Kolpakova, a freshman, received a free t-shirt and prize money of $20 from the club for her effort. She is not a club member, but after seeing the contest poster in the hallway, she claims the design idea came to her through unorthodox means. “Actually, I saw it in a dream, which is kinda weird,” she said, laughing. Drawing is currently her hobby, but because science interests her more, she says she plans to work for NASA.

The new design can be seen as a reiteration of their guiding principle to pursue and eradicate abandoned landmines on former battlefields that, according to Adopt-A-Minefield, maim and kill 15 to 20,000 each year across the globe. This is no easy process, and worldwide removal of landmines is nowhere close to being done.

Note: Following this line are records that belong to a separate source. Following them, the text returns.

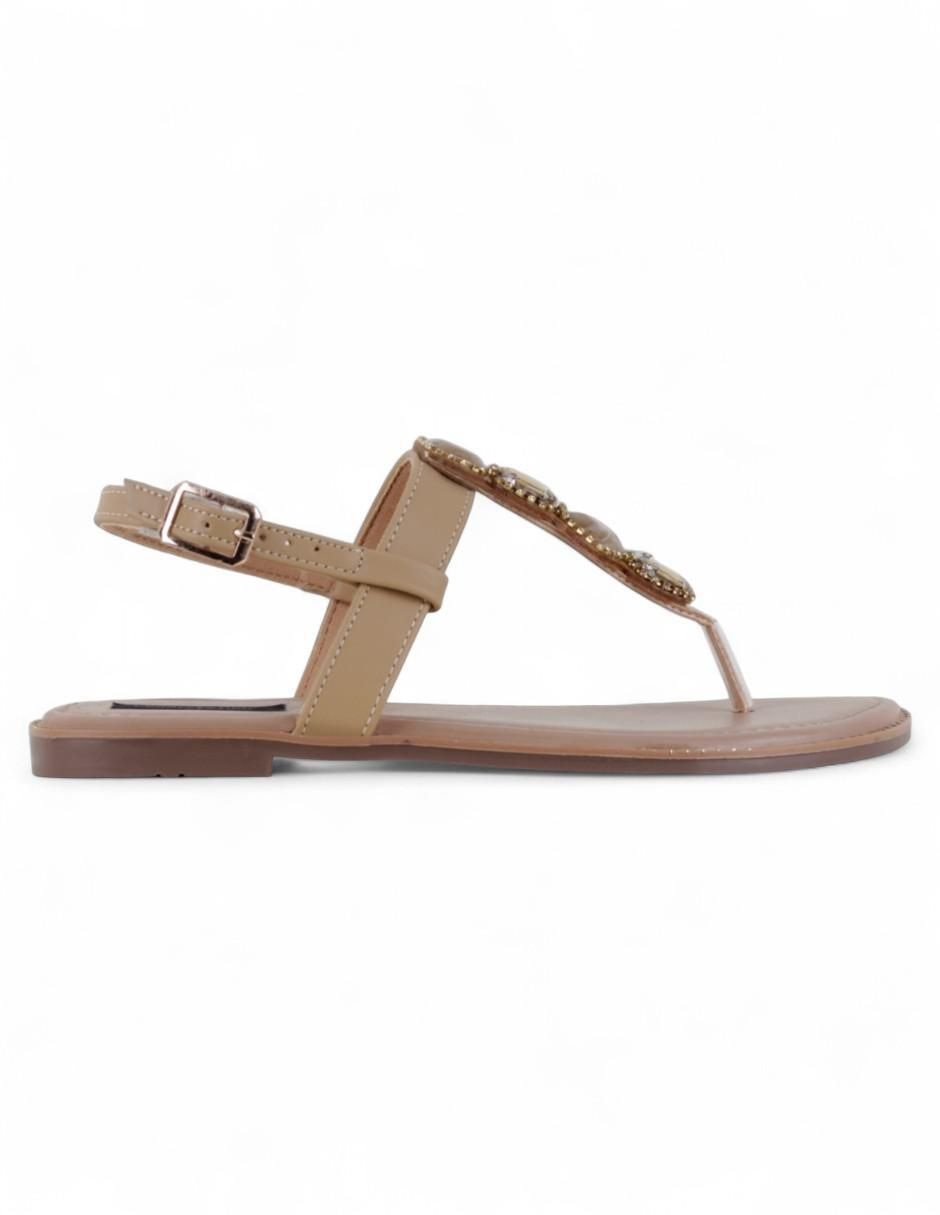 Sandalia para mujer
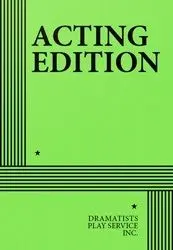 Boston Marriage Book Cover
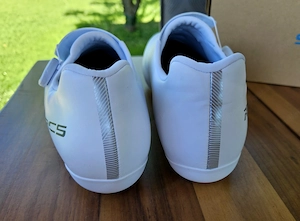 Rennradschuhe Bild 5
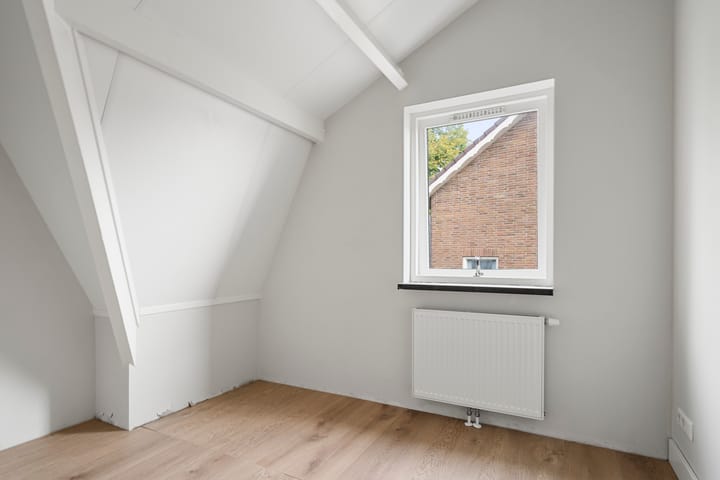 Foto 18 van Buurtweg 1-B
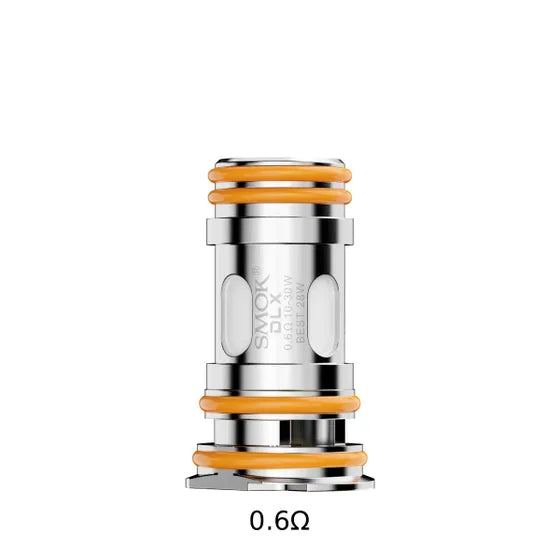 SMOK RPM 4 COIL
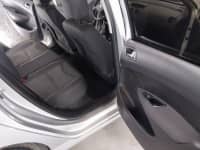 Peugeot 308 Allure 4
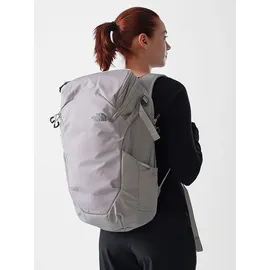 The North Face Kaban LTE Rucksack-Hell-Grau-One Size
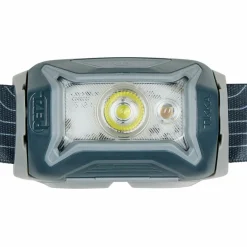 Petzl Stirnlampen*TIKKA - Stirnlampe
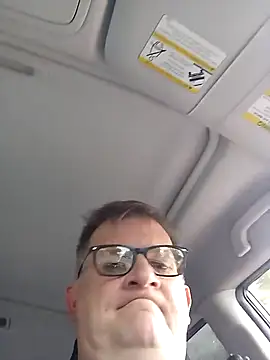 J83560Jason online show from 10.10.25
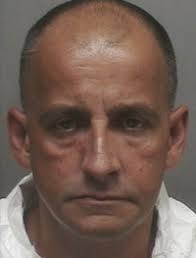 Boston Criminal Lawyers Blog — Page 37 of 49 — Published by Massachusetts  Criminal Defense Attorney — Law Offices of Lefteris K. Travayiakis, P.C.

Detecting specific mines within a field and removing them is slow, dangerous, and expensive work. By adopting a particular field, similar to what other clubs in the No Landmines network have done, the removal work there is financed by continued donations to the club and fundraisers.

Sue Van Loon, an upper level art teacher at Cleveland and organizer and host of the club’s activities for the past two years, said the club has been around for four to five years, and was usually associated with the IB program, “but it’s opened up now.” The new t-shirts debuted at “Bridging the Gap” Feb. 8 alongside the red, and a newer black version of the old design as well. All are currently available to buy; each shirt costs $12, and sizes come in youth, small, medium, large, and extra large.

McCracken did mention a fundraiser might be happening in the near future, possibly late spring. “I feel ice cream coming on, but not sure yet.”